HOW TO COMPLETE THIS TASK — The answer must consist of each line of the records below that contains the string "leather".

★ ★ ★ ★ ★ ★ ★

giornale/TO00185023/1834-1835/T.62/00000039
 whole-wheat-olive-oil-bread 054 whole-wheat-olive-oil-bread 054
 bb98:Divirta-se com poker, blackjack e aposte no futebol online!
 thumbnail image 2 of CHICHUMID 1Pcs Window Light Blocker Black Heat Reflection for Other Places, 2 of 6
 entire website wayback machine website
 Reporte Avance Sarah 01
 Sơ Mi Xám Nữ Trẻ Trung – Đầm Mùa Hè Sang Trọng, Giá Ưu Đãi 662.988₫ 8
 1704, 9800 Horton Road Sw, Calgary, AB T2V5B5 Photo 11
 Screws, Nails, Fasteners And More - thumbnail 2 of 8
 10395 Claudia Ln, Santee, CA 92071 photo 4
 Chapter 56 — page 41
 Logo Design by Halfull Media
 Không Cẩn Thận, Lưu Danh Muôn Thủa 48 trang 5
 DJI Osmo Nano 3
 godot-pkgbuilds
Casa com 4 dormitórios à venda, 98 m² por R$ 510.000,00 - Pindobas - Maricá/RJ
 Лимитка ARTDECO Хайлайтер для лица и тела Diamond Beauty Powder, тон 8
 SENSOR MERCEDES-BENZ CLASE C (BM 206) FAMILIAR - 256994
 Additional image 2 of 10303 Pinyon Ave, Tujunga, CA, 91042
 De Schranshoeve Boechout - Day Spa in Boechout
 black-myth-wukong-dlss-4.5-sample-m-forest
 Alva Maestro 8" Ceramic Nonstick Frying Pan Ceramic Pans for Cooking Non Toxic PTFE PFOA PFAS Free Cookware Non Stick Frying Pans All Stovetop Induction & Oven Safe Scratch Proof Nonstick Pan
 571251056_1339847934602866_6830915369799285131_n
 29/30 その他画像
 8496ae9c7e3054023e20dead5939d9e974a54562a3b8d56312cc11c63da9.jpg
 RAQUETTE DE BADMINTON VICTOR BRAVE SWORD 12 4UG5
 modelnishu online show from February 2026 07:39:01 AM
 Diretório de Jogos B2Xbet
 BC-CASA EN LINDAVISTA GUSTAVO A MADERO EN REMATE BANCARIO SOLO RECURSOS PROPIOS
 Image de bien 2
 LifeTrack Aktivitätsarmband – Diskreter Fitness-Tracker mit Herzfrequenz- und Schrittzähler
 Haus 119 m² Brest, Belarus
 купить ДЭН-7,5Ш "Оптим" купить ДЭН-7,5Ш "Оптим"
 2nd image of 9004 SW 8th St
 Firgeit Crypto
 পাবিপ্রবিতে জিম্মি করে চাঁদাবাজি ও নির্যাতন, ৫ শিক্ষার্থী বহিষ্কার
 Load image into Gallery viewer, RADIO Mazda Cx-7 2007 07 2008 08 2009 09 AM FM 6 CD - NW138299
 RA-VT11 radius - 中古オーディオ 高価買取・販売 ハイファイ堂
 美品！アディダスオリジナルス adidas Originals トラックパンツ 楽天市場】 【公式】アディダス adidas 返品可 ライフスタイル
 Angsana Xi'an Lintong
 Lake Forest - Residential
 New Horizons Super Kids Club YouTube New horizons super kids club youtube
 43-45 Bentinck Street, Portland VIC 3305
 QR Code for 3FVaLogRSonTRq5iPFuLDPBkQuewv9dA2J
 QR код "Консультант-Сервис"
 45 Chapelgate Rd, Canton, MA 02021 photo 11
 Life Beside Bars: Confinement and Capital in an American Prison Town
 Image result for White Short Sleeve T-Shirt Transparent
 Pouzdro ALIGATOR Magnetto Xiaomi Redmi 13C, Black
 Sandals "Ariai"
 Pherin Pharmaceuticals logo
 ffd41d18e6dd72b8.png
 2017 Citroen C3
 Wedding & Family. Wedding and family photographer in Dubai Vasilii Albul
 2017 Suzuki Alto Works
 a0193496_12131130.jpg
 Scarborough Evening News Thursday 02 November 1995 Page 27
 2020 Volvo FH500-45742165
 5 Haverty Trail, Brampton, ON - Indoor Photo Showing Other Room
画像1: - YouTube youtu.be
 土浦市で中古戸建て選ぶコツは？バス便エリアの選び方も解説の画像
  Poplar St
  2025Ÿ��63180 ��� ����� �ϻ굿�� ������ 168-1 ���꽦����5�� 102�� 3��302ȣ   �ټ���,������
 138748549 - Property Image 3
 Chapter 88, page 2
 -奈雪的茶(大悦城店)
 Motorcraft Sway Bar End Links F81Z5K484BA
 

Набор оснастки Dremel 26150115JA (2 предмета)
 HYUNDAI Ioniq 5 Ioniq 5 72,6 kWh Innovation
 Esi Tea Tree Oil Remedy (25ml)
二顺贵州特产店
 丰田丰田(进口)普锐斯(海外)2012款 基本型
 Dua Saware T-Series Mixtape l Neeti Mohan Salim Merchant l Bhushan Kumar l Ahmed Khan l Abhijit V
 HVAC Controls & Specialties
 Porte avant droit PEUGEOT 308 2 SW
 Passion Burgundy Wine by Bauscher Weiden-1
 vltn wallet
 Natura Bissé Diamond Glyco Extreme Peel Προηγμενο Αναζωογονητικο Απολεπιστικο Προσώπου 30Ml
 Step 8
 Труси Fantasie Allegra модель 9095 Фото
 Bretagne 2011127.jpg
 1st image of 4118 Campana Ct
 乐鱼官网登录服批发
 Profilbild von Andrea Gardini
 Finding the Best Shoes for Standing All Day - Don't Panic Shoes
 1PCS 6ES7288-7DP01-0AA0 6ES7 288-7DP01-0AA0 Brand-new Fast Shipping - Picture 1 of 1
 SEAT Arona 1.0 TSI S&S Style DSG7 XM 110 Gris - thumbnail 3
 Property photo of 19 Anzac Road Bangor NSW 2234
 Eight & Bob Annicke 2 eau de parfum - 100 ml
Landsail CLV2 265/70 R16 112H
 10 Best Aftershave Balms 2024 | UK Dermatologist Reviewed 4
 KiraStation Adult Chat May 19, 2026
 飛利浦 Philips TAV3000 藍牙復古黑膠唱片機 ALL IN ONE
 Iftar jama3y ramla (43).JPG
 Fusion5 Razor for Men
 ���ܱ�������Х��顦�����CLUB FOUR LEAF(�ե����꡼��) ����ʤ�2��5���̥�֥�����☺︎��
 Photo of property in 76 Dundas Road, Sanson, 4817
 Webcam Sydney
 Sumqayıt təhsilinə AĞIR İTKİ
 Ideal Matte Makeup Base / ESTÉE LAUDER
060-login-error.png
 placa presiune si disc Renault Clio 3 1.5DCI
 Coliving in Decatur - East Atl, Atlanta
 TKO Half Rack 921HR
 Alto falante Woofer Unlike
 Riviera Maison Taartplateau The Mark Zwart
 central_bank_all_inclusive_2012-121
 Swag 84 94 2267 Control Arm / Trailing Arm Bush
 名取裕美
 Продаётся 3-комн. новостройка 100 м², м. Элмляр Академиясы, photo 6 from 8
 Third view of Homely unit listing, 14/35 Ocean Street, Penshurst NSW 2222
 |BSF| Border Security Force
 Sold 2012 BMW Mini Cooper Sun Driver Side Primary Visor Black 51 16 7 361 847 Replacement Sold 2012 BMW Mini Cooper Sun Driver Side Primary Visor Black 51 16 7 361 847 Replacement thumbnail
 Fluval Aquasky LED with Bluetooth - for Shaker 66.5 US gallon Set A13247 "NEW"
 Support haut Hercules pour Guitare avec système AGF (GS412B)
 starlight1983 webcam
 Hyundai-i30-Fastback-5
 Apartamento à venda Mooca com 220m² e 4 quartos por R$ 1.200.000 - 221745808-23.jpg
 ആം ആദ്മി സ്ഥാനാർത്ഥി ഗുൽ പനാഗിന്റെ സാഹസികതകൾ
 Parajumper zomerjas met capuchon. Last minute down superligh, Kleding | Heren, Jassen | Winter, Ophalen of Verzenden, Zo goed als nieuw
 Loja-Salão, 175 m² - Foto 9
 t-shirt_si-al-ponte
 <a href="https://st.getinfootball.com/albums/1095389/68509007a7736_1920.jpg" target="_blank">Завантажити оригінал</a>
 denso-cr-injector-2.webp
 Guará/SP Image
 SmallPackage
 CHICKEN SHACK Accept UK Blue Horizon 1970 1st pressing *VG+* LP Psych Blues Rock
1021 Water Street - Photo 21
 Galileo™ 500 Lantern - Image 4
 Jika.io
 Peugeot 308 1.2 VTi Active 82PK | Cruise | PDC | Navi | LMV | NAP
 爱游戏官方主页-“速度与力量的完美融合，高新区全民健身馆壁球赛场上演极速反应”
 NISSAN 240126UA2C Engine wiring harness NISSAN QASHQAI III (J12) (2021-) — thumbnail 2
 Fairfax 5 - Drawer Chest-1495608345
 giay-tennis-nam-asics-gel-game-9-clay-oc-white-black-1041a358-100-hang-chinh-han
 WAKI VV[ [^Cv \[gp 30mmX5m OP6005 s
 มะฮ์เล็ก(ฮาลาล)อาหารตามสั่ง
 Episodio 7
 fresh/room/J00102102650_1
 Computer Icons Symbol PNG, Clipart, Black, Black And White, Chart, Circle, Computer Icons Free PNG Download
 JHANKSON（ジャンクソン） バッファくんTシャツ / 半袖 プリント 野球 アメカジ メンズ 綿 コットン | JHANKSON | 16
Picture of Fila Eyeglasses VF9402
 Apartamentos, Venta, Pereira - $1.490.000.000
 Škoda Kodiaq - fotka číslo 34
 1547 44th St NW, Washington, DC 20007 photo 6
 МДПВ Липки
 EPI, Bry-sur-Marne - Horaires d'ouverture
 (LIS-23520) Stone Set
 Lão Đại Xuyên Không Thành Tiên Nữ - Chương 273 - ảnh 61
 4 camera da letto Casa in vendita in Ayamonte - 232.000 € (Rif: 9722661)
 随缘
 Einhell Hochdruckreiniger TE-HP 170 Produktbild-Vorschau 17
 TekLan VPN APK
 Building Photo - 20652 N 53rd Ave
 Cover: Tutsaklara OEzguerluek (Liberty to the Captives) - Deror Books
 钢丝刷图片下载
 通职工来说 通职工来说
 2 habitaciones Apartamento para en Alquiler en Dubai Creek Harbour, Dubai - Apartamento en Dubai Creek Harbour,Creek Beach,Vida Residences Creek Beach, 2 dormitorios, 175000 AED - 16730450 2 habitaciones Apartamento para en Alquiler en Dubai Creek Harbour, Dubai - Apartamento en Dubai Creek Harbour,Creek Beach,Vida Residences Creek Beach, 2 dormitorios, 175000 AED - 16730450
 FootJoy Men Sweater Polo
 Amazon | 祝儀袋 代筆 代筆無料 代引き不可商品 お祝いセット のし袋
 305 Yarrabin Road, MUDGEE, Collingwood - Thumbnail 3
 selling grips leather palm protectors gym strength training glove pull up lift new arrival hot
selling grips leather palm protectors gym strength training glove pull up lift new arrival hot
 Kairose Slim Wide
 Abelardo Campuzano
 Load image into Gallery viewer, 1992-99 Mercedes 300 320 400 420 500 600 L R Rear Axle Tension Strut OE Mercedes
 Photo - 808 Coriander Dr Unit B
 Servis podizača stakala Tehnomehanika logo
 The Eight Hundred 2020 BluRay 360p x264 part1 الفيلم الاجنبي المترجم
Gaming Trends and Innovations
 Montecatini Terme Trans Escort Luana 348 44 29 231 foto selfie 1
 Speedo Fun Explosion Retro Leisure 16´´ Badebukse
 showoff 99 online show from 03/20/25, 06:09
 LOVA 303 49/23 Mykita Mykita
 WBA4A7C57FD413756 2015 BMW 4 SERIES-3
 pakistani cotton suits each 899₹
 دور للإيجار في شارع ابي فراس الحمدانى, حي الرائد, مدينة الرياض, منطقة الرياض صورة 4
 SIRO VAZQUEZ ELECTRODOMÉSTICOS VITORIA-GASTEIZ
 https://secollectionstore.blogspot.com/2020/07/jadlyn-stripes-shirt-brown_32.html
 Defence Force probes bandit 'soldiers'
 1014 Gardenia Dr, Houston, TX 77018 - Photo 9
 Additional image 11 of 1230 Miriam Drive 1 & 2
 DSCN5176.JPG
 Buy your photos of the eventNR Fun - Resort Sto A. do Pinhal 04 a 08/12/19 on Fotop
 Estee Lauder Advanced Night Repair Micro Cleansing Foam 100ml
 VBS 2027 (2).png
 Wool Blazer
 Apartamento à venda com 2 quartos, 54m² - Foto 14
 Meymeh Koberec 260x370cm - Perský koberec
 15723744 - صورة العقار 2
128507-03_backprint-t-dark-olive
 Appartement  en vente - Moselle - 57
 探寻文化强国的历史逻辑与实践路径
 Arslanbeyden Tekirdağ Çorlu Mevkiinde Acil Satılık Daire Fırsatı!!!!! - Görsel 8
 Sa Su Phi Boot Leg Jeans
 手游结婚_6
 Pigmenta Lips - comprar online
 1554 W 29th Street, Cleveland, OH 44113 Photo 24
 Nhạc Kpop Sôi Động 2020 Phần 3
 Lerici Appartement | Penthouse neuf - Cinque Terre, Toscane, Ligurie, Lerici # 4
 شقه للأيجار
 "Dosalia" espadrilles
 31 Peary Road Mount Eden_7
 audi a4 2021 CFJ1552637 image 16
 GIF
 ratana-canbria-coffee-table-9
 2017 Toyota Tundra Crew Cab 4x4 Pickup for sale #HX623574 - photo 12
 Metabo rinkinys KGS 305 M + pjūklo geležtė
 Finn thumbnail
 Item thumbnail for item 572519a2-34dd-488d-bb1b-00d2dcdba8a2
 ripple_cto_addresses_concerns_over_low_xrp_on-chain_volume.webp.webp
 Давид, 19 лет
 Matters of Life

★ ★ ★ ★ ★ ★ ★

WRITTEN ANSWER —
 selling grips leather palm protectors gym strength training glove pull up lift new arrival hot
selling grips leather palm protectors gym strength training glove pull up lift new arrival hot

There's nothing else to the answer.